Later that same day, Atobe came to a conclusion. He had to sort things out with that boy if he were ever to untangle the mental stress this idiocy was causing him. He scrolled through the copy of the student files he had on his laptop and searched for Gin's number. Even though this was a Sunday, a day where one was to simply relax in any way they saw fit, he had to come to terms with that boy if was to ever relax again in his lifetime.

He unwillingly dialed the boy's number; sending a text would have been in vain, since that boy couldn't read them anyway. After the dial tone rang a few times, a voice picked up on the other end of the line.

_"Matsumoto Gin here. May I please know to whom I am speaking?"_

Yeesh, such politeness. It made Atobe's stomach churn uneasily. He had, after all, called the person he'd been avoiding the most.

"Ore-sama requests to have an audience with you, peasant. Kakinozuka Park, two o'clock. It's regarding the 'gift' you left me earlier. My staff tells me it was put here this morning, since the night guard saw nothing suspicious."

_"Wait, wha—"_

Atobe hit the 'end call' button. He didn't wish to risk his confidence by talking for so long. His resolve had to remain strong.

* * *

Atobe sat on a bench near the entrance of Kakinozuka Park. Nervously, he glanced at his watch again. 1:54. He hoped that he could make it through this.

"Have you seen Atobe Keigo anywhere nearby?" Gin's voice inquired of a passerby. Resisting the urge to look over his shoulder, Atobe answered for himself.

"Ore-sama is right here."

"Well, how am I supposed to know where 'here' is, you vexatious cookie cutter? I'm freakin' blind, remember? You know what? Never mind. Just keep talking. I'll follow your voice."

"Ore-sama is approximately two meters away on a bench, to your left." Seconds later, a hand uncertainly felt for his face, tracing his features the same way they had three days ago. "What are you doing to Ore-sama's face?"

Both hands withdrew. Atobe looked up to the figure standing in front of him. He'd never noticed how tall Gin was; around 170 centimeters, almost mirroring Atobe's own height. Gin sighed.

"Yeah, no doubt that it's the Cookie King. Me? Since I'm blind, I have to try to remember how people's faces _feel_ rather than how they look. It's how I verify who I'm really talking to. It'd be weird if I started chatting to a random stranger. Which reminds me," Gin said, feeling for the bench so he could sit as well. "What was it that you wanted to talk to me about? You hung up before I could ask."

Atobe's eyes narrowed in confusion. "Why are you polite to Ore-sama all of a sudden?"

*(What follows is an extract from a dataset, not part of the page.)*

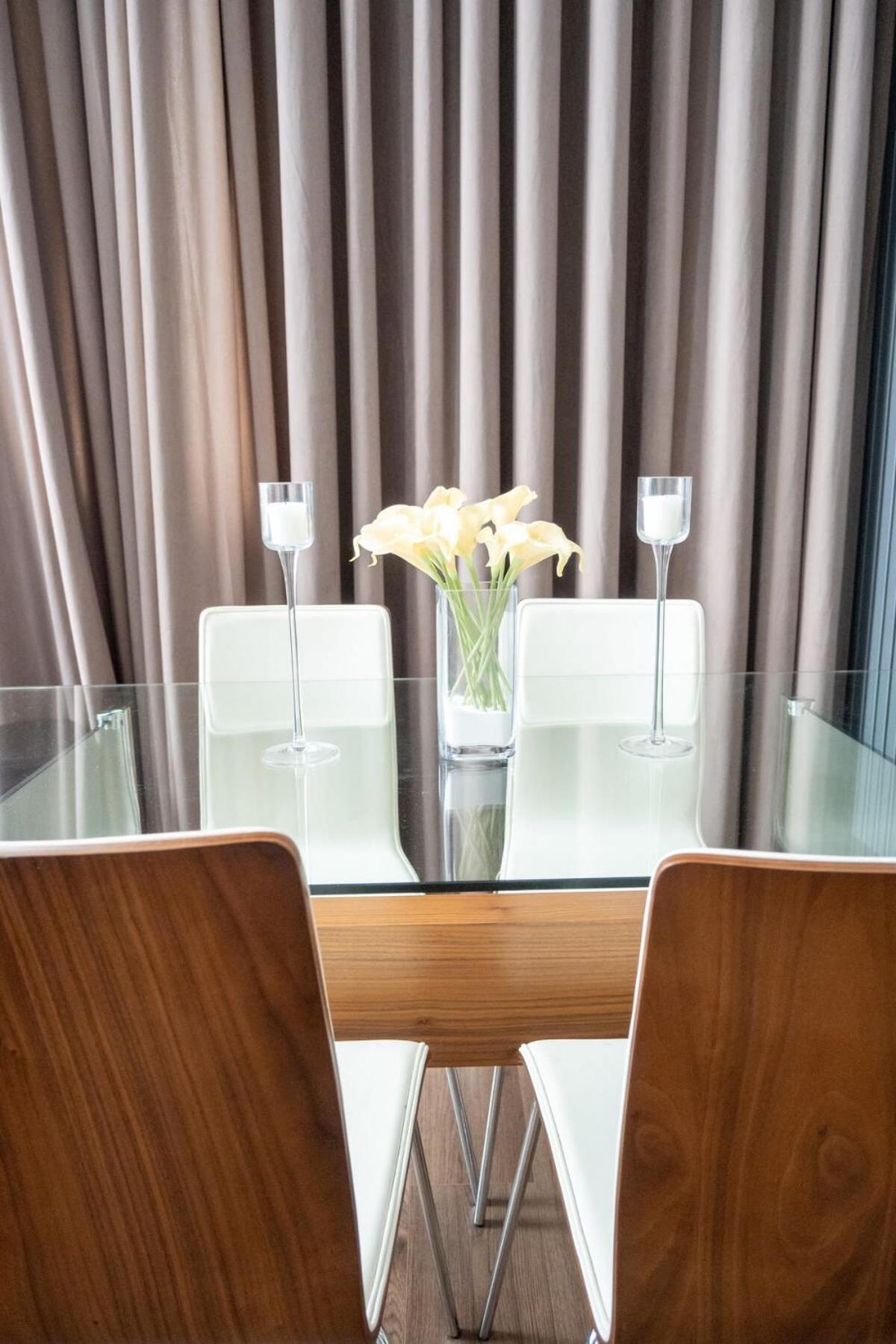 Stunning 3 Bed Penthouse In West End * Глазго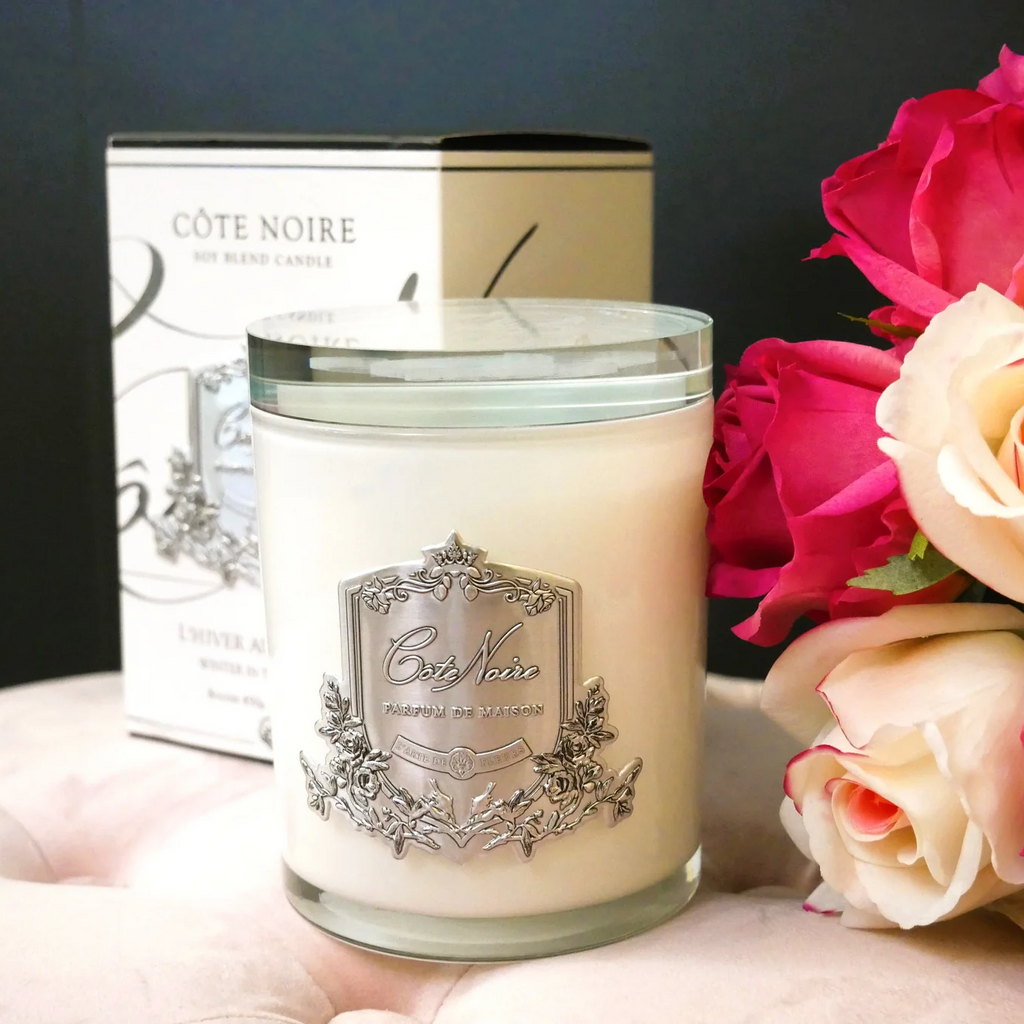 Silver Badge Candle 450g - Winter In The Chateau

Gin shrugged. "I suppose it's the way I try to live my life. It's a quote. 'Life is short: break the rules, forgive quickly, kiss slowly, love truly, and laugh uncontrollably.' I don't know who it's by, but it's pretty cool. Anyway, what did you want to talk about?"

Forgive quickly? Break the rules? Laugh uncontrollably? It seemed to be a comfortable way to live, for the most part. The other two parts, he wasn't so sure of.

"Ore-sama wished to discuss the gift you left on my doorstep."

"No kidding," Gin huffed. "You said that before you hung up. There's just one thing: I haven't given you anything but backtalk and a bloody nose since I met you. Whatever it was on your doorstep, it wasn't me."

"Really? Then why was there a note saying it was from you?"

Gin suddenly chuckled, snorting at what Atobe just said. "Dude, seriously? That should've been a dead give-away that it wasn't from me; blind kids can't write characters. We write in braille."

"What?" choked Atobe. "But the note—"

"Yes, what _did _the note say? It must be important if you called me out all the way here."

Atobe's face blanched. "What the contents of the note were do not concern you."

"Another give-away," Gin singsonged. "You told me yourself that someone signed the note as though it were from _me_. I have a right to know. Maybe I can figure out some suspects."

"...very well then. But there is a reason Ore-sama did not wish to tell you what the note said."

"Whatever. Just tell me."

"Don't say Ore-sama did not warn you. ...the note said, and Ore-sama quotes... '_go out with me.'_ Words of the note, not of Ore-sama."

Gin nodded understandingly, apparently not caring much for what the message meant. "Hmm, well, if it said that, then it has to have been someone who knows about you thinking I'm a 'frail girl'. I overheard Akuma blabbing to the other Regulars about what happened in the fencing room during lunch. He's pretty loud. Anyway, it's bound to be one of the eight Regulars."

"Make that seven," Atobe ordered. "Kabaji would do no such thing for as long as he lives."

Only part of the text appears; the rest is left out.